▶ [ENTRIES PROVIDED]
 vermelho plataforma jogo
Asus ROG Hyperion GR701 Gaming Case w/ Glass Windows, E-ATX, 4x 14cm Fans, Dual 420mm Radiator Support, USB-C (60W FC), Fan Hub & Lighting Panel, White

...

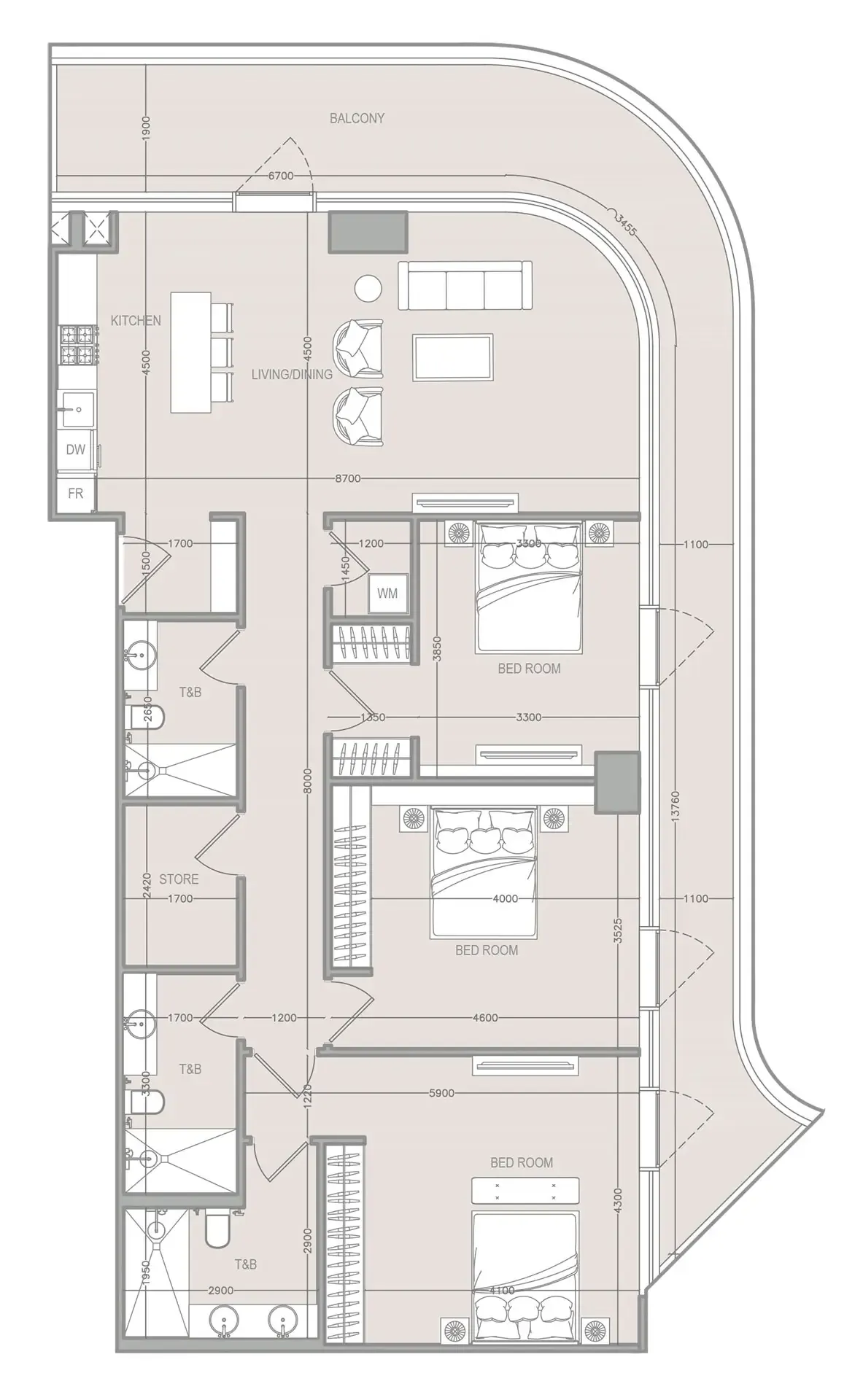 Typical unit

▶ [REQUIRED ACTION]
Within the material above, copy exactly the lines from the line that holds "vermelho plataforma jogo" up to and including the line that holds "Asus ROG Hyperion".

▶ [ANSWER FOR THIS EXERCISE]
 vermelho plataforma jogo
Asus ROG Hyperion GR701 Gaming Case w/ Glass Windows, E-ATX, 4x 14cm Fans, Dual 420mm Radiator Support, USB-C (60W FC), Fan Hub & Lighting Panel, White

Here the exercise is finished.